Let our thoughts take a turn to some bare common, or to the side of a wood, and visit the humble christian there; we shall find him cheerful, perhaps, at his dinner of herbs, with all the circumstances of meanness around him: But what a glorious life he leads in that straw-cottage, and poor obscurity! The great and gay world shut him out from them with disdain: He lives, as it were, hidden in a cave of the earth; but the godhead dwells with him there. The high and lofty one that inhabits eternity, comes down to dwell with the humble and contrite soul; Is. lvii. 15. God, who is the spring of life, comes down to communicate fresh supplies of this life continually. _He that dwelleth in love, dwelleth in God_; 1 John iv. 16. He is not alone, for the Father is with him; John xvi. 32. The Father and the Son come and manifest themselves unto him, within the walls of that hovel, in so divine a manner, as they never do to the men of this world, in their robes and palaces: John xiv. 22, 23. And that he may have the honour of the presence of the blessed Trinity, his _body is the temple of the Holy Ghost_; 1 Cor. iii. 16. and vi. 19. O! the wonderful condescensions of divine grace, and the surprizing honours that are done to a humble saint! How is this habitation graced! Heaven is there, for God and Christ are there; and who knows what heavenly guards surround him! what flights of attending angels? Are they not all ministering spirits, sent down to minister unto them that shall be heirs of salvation? Heb. i. 14. But our Lord Jesus Christ is now unseen, God and angels are unseen; the christian’s company belong to the invisible world: He lives a hidden, but a divine life; his life is hid with Christ in God.
IId Instruction. See how it comes to pass that christians are capable of doing such wonders, at which the world stands amazed. The spring of their life is almighty; it is hid in God. It is by this divine strength they subdue their sinful natures, their stubborn appetites, and their old corrupt affections: It is by the power of God, derived through Jesus Christ, they bend the powers of their souls unto a conformity to all the laws of God and grace; and they yield their bodies as instruments to the same holy service, while the world wonders at them, that they should fight against their own nature, and be able to overcome it too.
And as they deny themselves in all the alluring instances of sinful pleasure, under the influence of almighty grace, so they endure sufferings, in the sharpest degree, from the hands of God, without murmuring. And when they have laboured night and day, and performed surprizing services for God in the world, they are yet contented to submit to smarting and heavy trials from the hands of their heavenly Father, without being angry at their God: they know he loves them, and he designs all things shall work together for their good.
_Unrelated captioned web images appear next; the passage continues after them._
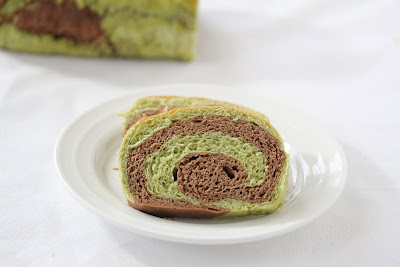 photo of slices of Matcha chocolate swirl bread on a plate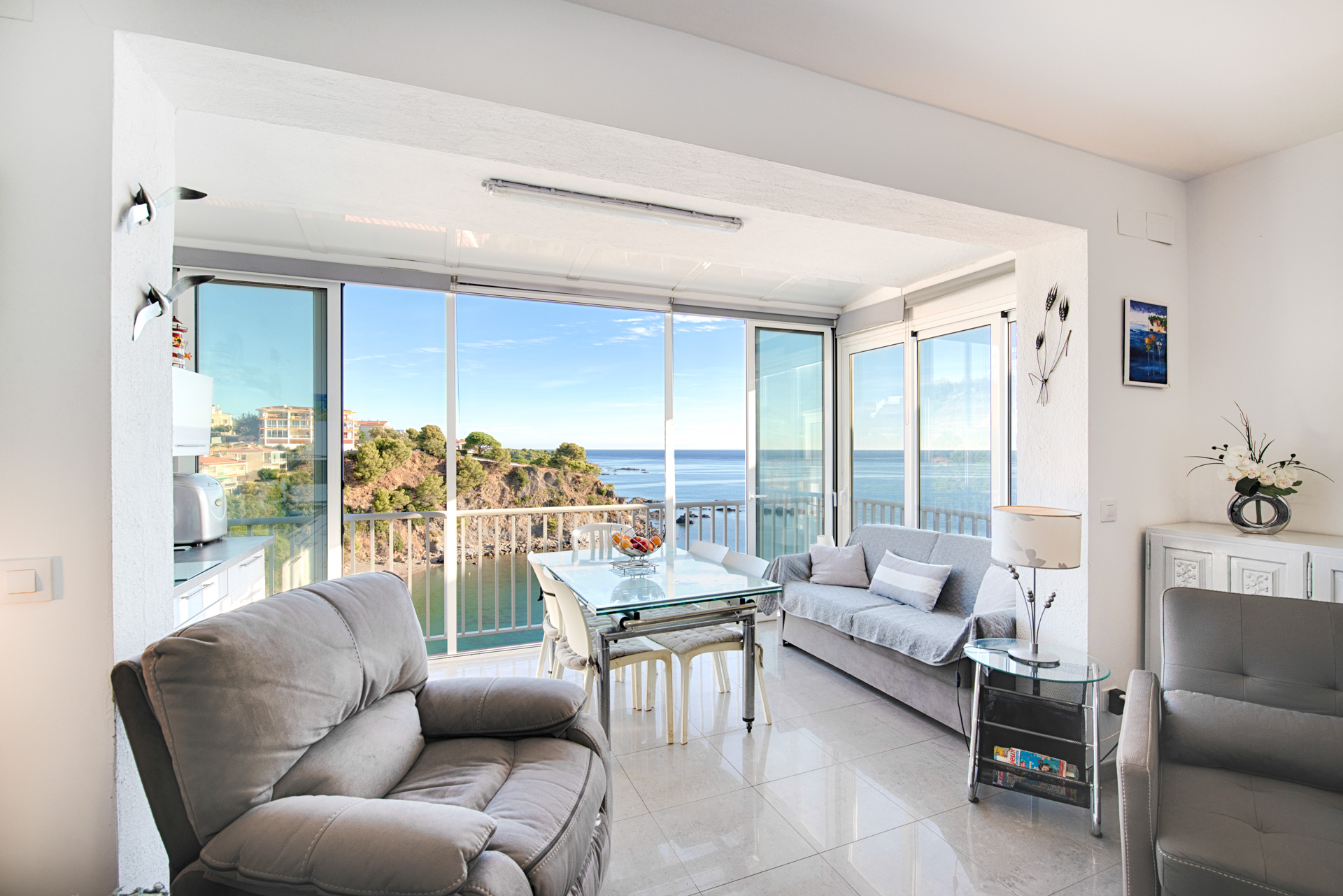 Sea-view apartment with parking, Cau del Llop - Fané, Llançà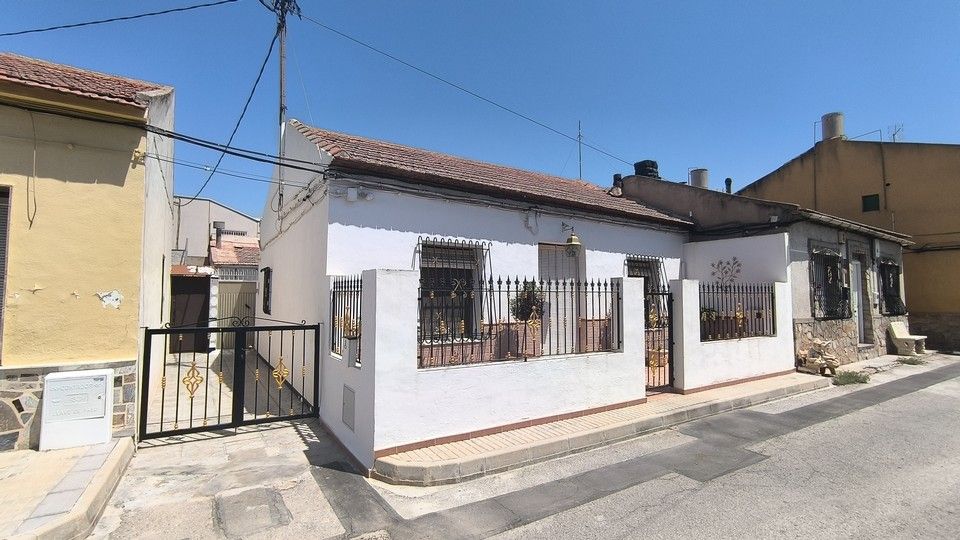 Property photo 1 of 32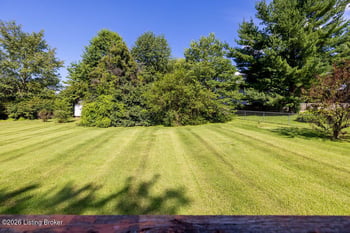 179 Paula Ln, Shepherdsville, KY 40165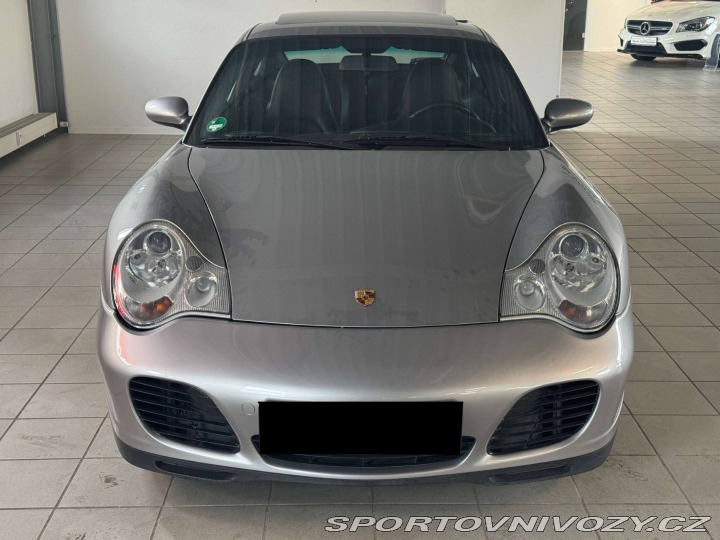 Porsche 911 Carrera 4 2004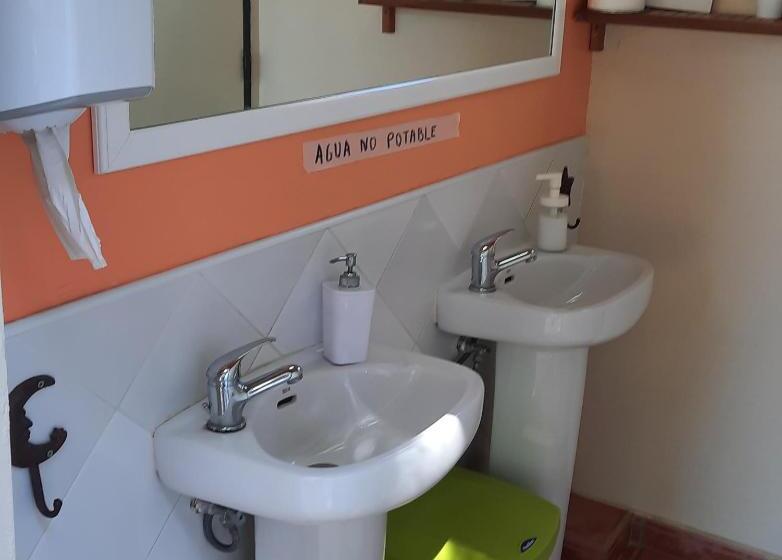 هتل Habitación Familiar Oasis Anayansi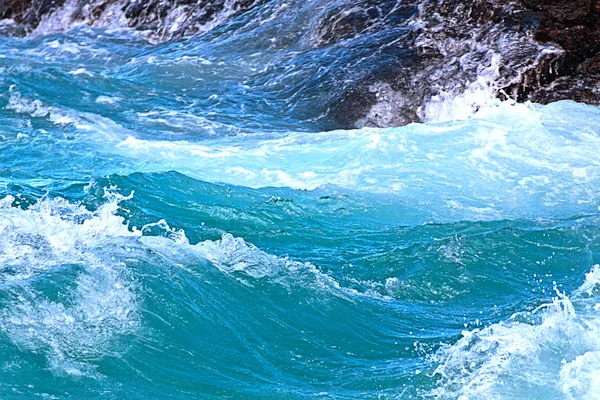 Liguriska Blå Havet Med Brytande Vågor Kraschar Klippiga Kusten Natur — Stockfoto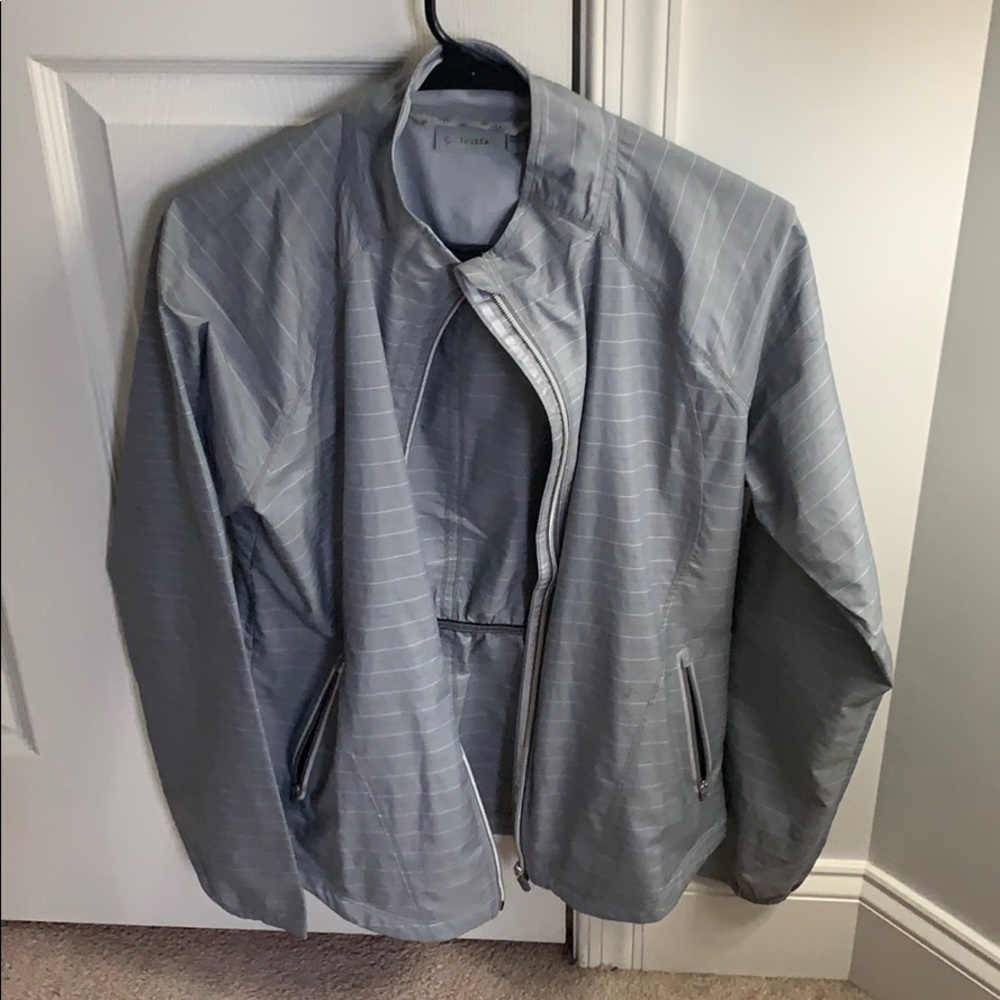 Athleta wind breaker jacket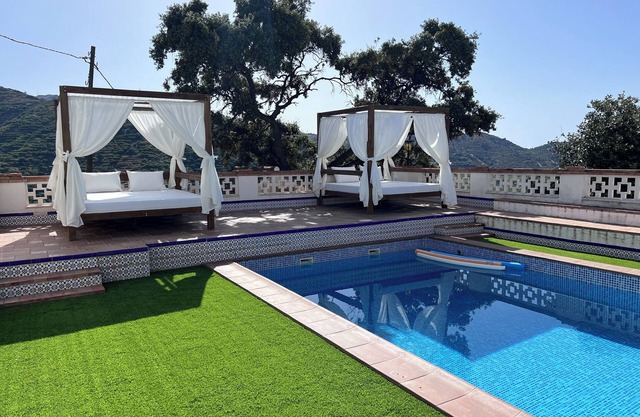 Casa La Loma, tu Cabaña de Madera en un Entorno Natural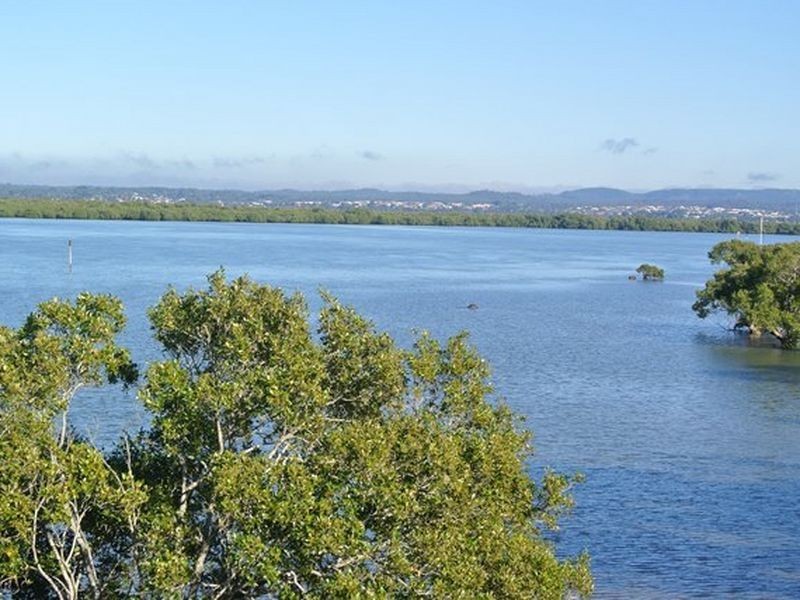 54 Western Road, Macleay Island QLD 4184
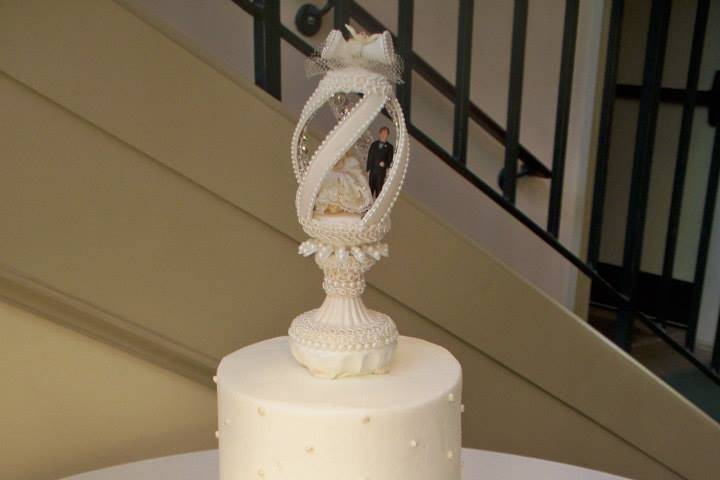 Plain white wedding cake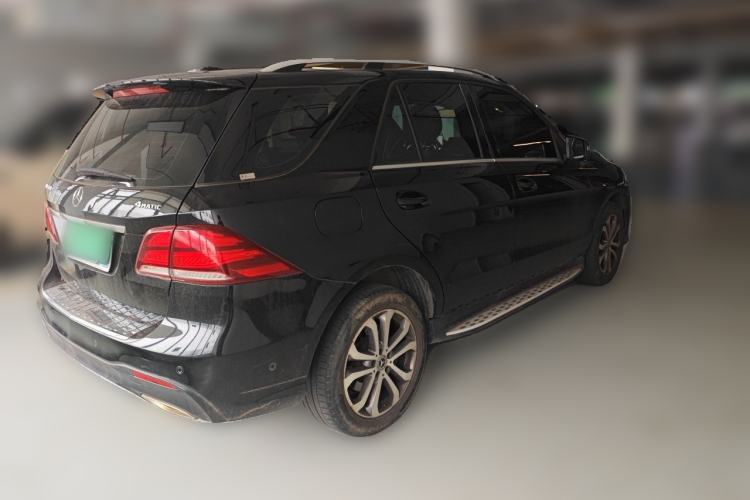 Used Mercedes-Benz GLE 2017 GLE 320 4MATIC Dynamic Model Rear Right 45 Deg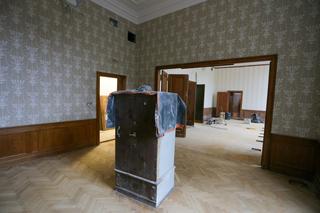 Kiedyś był tam bank, teraz będą biurowce. Trwają prace wykończeniowe przy Roosevelta 15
Besides all this, they bear dreadful persecutions, cruel mockings, and scourings, and tortures, from the hands of men, and go through all the sorrows of martyrdom. What noble instances and miracles of this kind did the primitive age furnish us with, so that their tormentors were amazed? They saw not the secret springs of divine life which supported them; they knew not the grace of God and the power of Christ, by which the christians were upheld in all their labours and their sufferings. The spring of their life was almighty, but it was hidden from the eyes of men: It was concealed and reserved with Christ in God.
Read the labours and the sufferings of St. Paul; 2 Cor. xi. 23. “In stripes above measure, in prisons frequent, in deaths often: He was beaten with rods, he was stoned, he suffered shipwreck, in perpetual perils by land and sea, in weariness, in painfulness, in watchings and fastings, in hunger and thirst, in cold and nakedness.” One would think his bones were iron, and his flesh were brass. He was invisibly supported by Christ the spring of his life. Read his wondrous virtues and self-denial; Phil. iv. 11, 12, 13. I know how to be abased and how to abound; I can be full, and be hungry; I can possess plenty, and I can suffer want: I can do all things through Christ strengthening me. This was the fountain of his life and strength. I acknowledge, says he, in another place, that I am nothing, I have no sufficiency of myself to think so much as one good thought: But all my sufficiency is of God, in whom my life is hid; 2 Cor. iii. 5. And with what a devout zeal does he ascribe his life to Christ, in that glorious amassment of spiritual paradoxes! Gal. ii. 20. “I am crucified with Christ, nevertheless I live: yet, not I, but Christ liveth in me; and the life which I now live in the flesh, I live by the faith of the Son of God, who loved me, and gave himself for me.” Therefore I can be delivered to death daily for Jesus Christ’s sake; troubled and perplexed, and yet not in despair; be cast down, and not be destroyed; because I believe that the life of Jesus must be made manifest in my mortal flesh, and he which raised up the Lord Jesus, shall raise us up also by Jesus, and shall present us with you; 2 Cor. iv. 14.
IIId Instruction. See whither a dead sinner must go to attain spiritual and eternal life, and whither a decaying dying christian must go for the recruit of his fainting life too; it is to God by Jesus Christ, for it is all hidden with Christ in God.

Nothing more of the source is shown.